Everything in the listing should be set down exactly, apart from the pictures.

__Provided data__.
Content starts

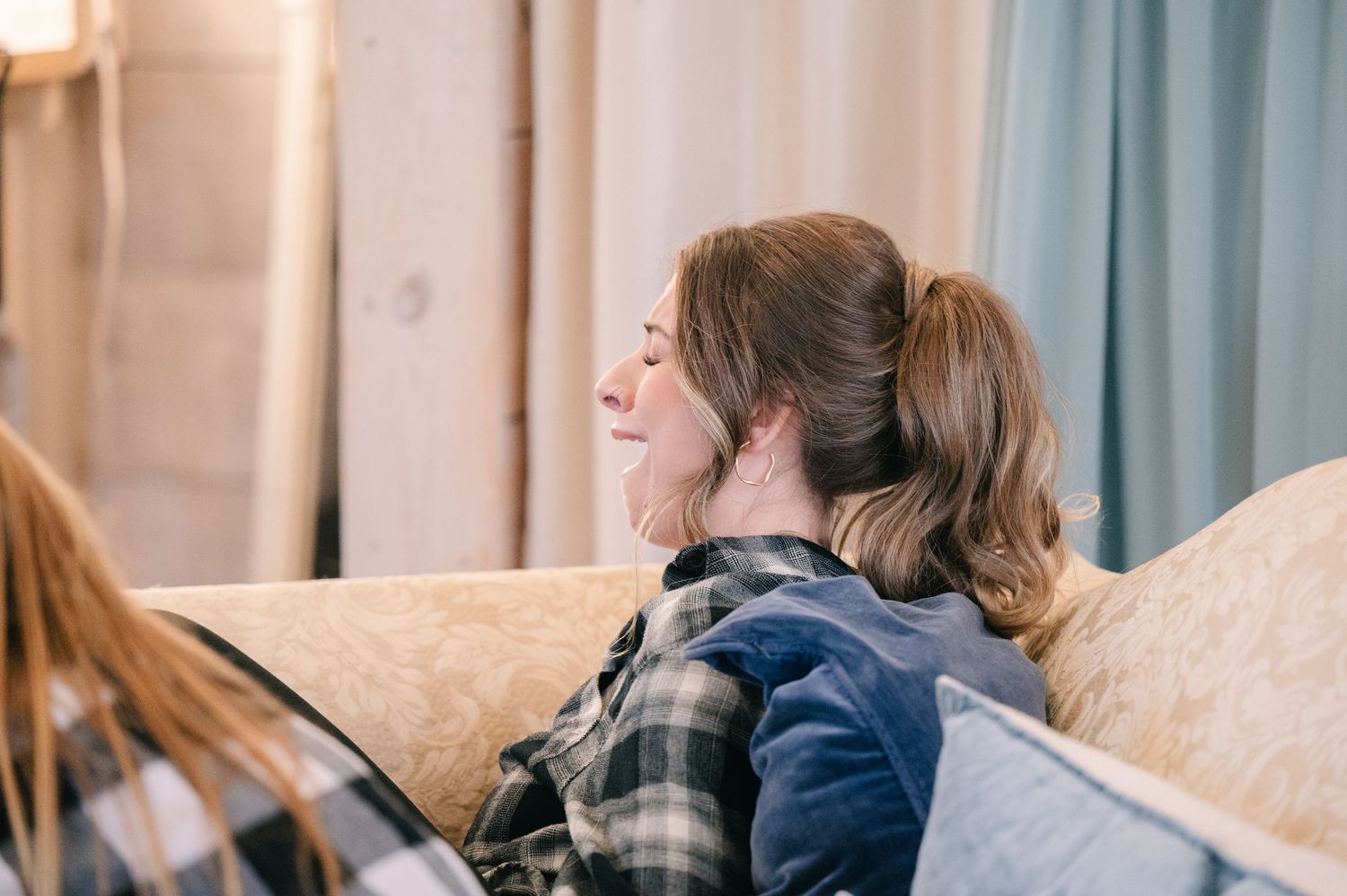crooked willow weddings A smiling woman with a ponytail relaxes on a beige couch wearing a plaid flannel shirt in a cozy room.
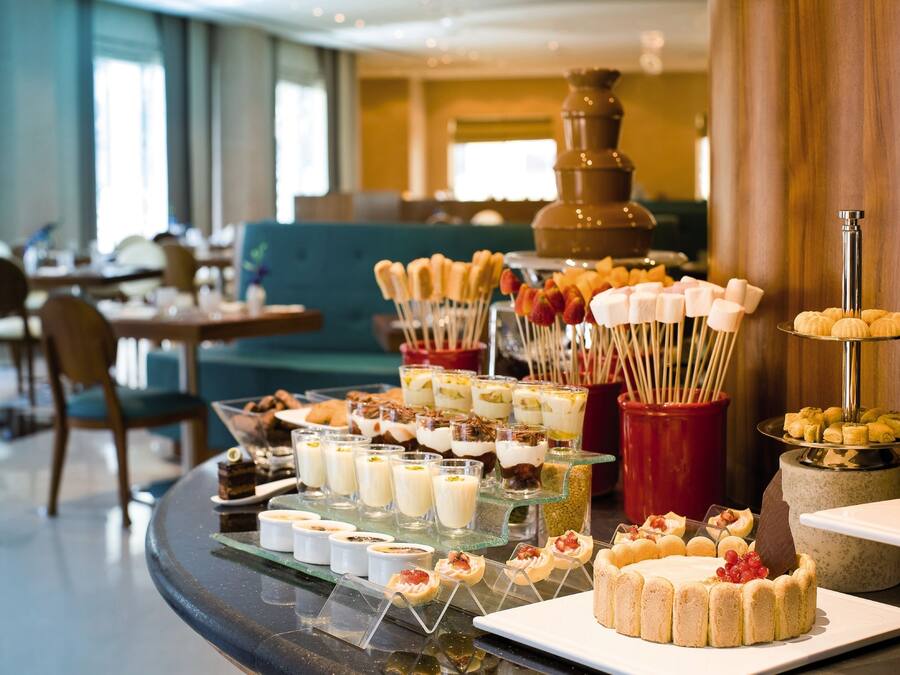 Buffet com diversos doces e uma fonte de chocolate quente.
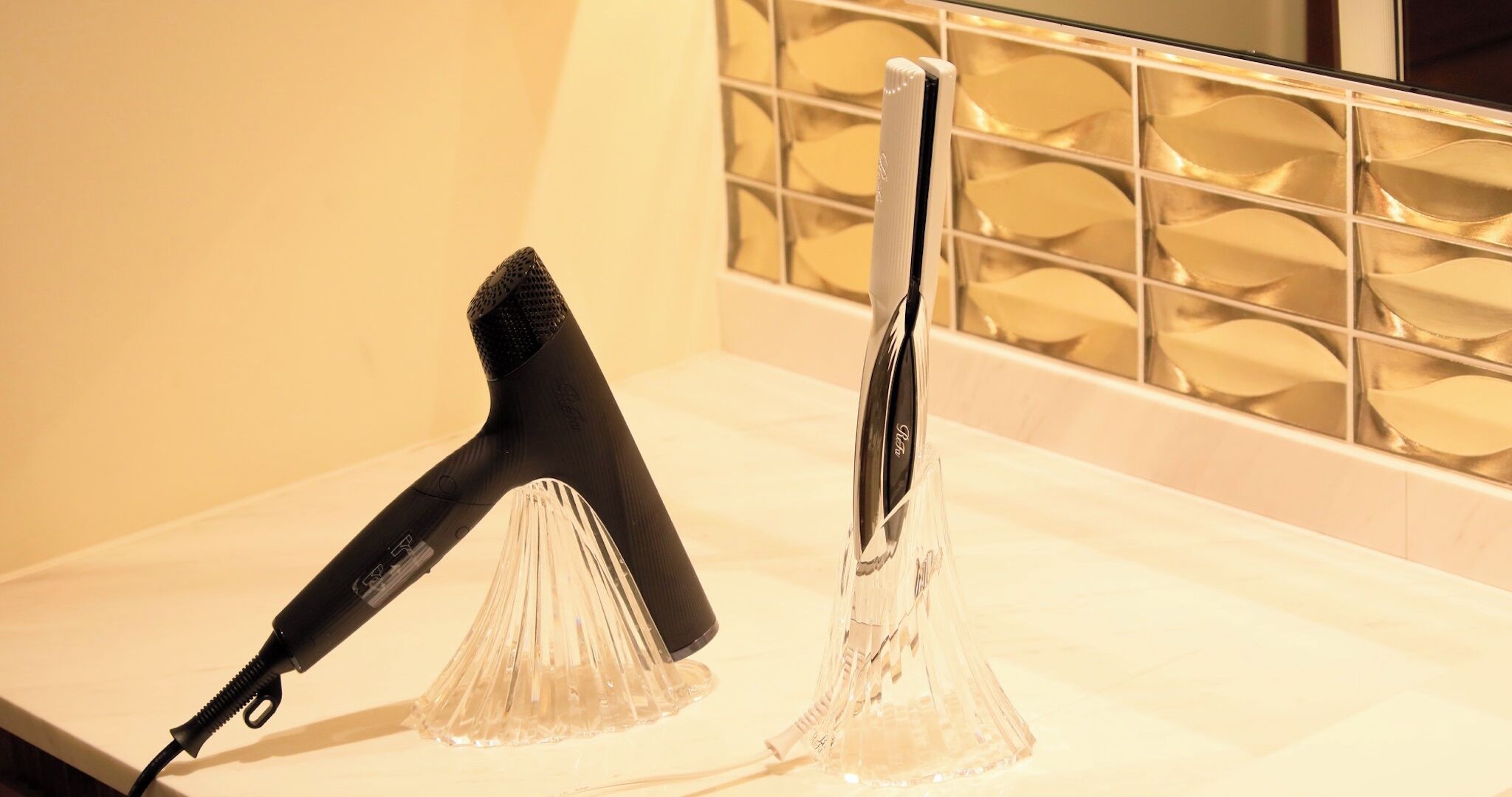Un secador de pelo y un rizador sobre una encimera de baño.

Content ends

__Response to this task__.
crooked willow weddings A smiling woman with a ponytail relaxes on a beige couch wearing a plaid flannel shirt in a cozy room.
 Buffet com diversos doces e uma fonte de chocolate quente.
Un secador de pelo y un rizador sobre una encimera de baño.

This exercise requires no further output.